Debates. O trabalho de campo da sondagem do Público começou antes do arranque dos debates televisivos, que tem sido o único vislumbre de pré-campanha até agora; em todo o caso, ainda apanhou os primeiros quatro dias de debates - e não temos como saber em que medida esses desempenhos mexeram na simpatia eleitoral dos entrevistados.

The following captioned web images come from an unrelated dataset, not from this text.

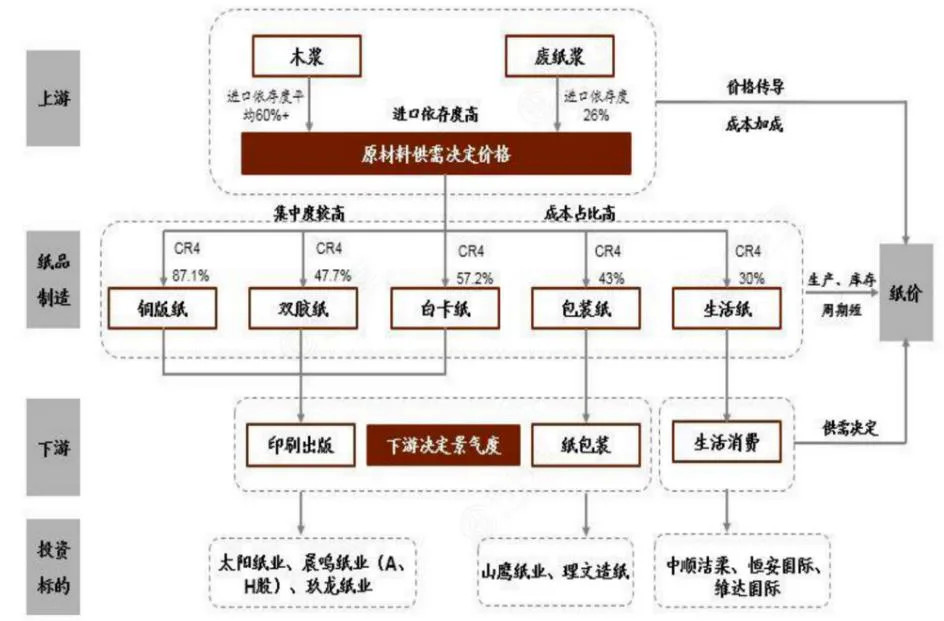 20张产业链图谱读懂产业链细分领域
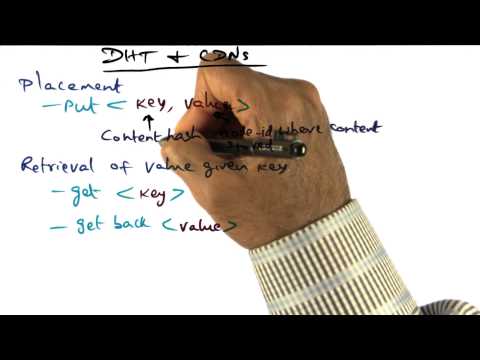 Introduction Georgia Tech Advanced Operating Systems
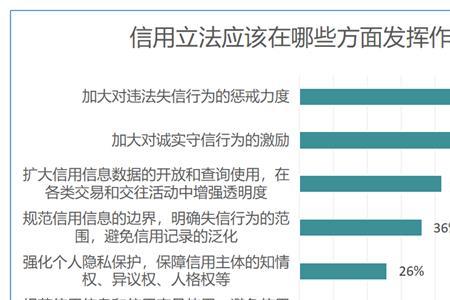 社会信用体系不包括哪个方面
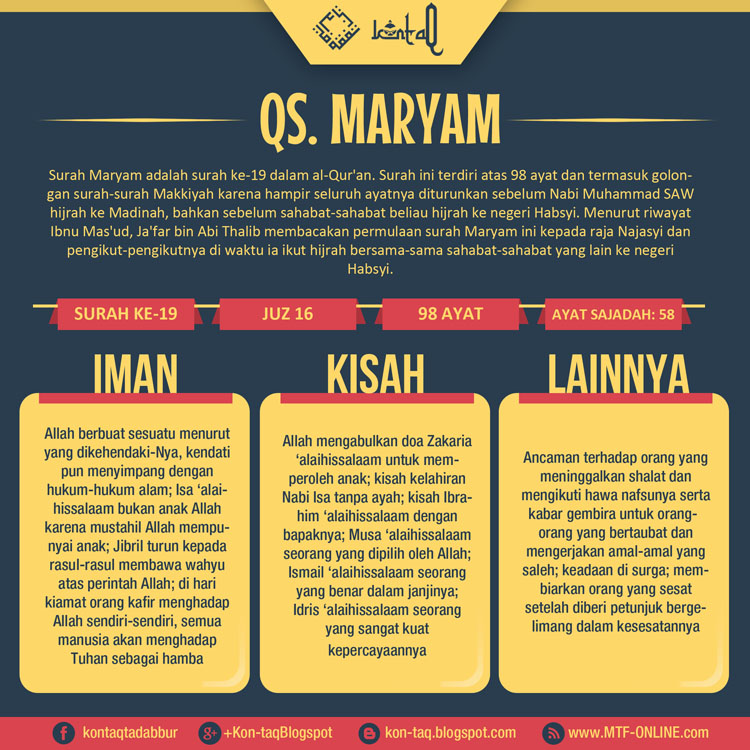 Materi Tadabbur QS. Maryam Ayat 96-98 & QS. Thāha Ayat 1 ...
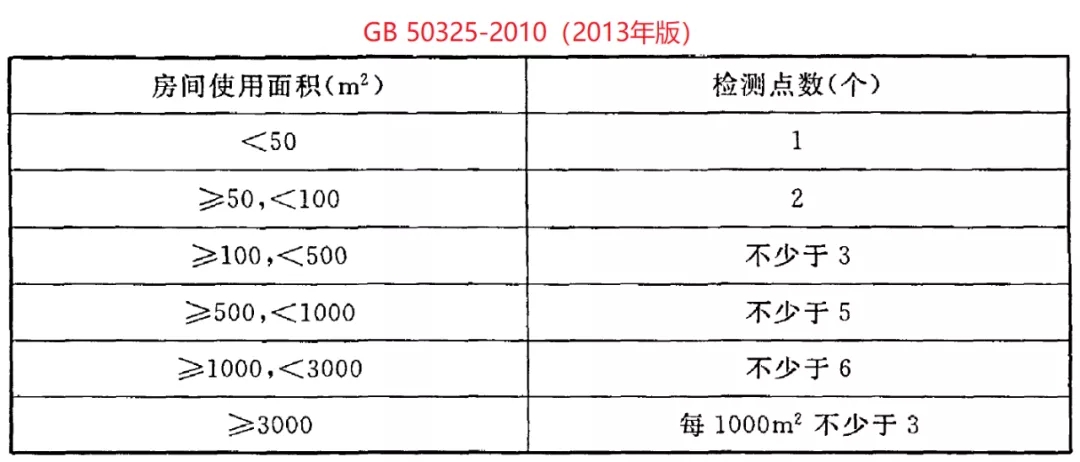 GB 50325-2020《民用建筑工程室內(nèi)環(huán)境污染控制標(biāo)準(zhǔn)》正式發(fā)布，8月將實(shí)施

Mas entre os primeiros debates, muito focados em tática política, e alguns que aconteceram entretanto, com discussão substancial de propostas alternativas, vai uma grande diferença. Já vimos debates suficientes nesta semana para saber que, em 25 minutos, é possível perder-se em peixeiradas, cilindrar um adversário com bons argumentos, ou expor propostas contrastantes em discussão construtiva. É possível ser pedagógico e eficaz, como tem demonstrado Rui Tavares. É possível mostrar-se sereno e bem preparado, como tem feito Catarina Martins. É possível ser contido e letal, como António Costa fez. É preciso trabalho de casa e saber que mensagem se quer passar, qualidades que por vezes parecem faltar a Rui Rio (embora tenha “genuinidade” para dar e vender). E é possível corrigir o tiro e emendar a postura, como fez Francisco Rodrigues dos Santos, que ontem se apresentou calmo e assertivo frente a Costa. E bem humorado sem perder o foco, como João Cotrim Figueiredo se mostrou face à metralha argumentativa de André Ventura. 

 

Direitas. É perfeitamente possível a direita demarcar-se do Chega e expor o vazio do seu discurso, conforme fez ontem o líder da IL. Mas é preciso querer. Quanto a Ventura, é sempre tóxico e sempre mais do mesmo. Não admira que, como dizia ontem Cotrim, durante o debate a dois, “ninguém queira” entender-se com o Chega - não é por haver “um arranjo” ou porque “o sistema”. É mesmo porque Ventura é infrequentável. Mas apresenta-se quase sempre bem preparado nos debates para disparar sobre cada adversário, que é o seu único objetivo (como ontem, quando confrontou Cotrim com a proposta da IL de obrigar os alunos do ensino superior a pagar os respetivos cursos).

 

Tendência inverno 2022. Há uma curiosa tendência nestes debates: a atenção de cada interveniente aos programas dos adversários. Alguns, como Ventura, usam essa arma para atacar o adversário, e para fugir a falar do próprio programa (o do Chega tem 9 páginas, que não passam de uma colagem de soundbites desgarrados). Noutros casos, o uso dos programas eleitorais alheios como arma de arremesso por vezes permite debates interessantes sobre diferentes visões do mundo. Apesar de tudo, quando tantas vezes nos queixamos de haver politiquice a mais e políticas a menos na campanha eleitoral, discutirem-se programas eleitorais é um ganho. Ou então, fui eu que acordei excessivamente otimista.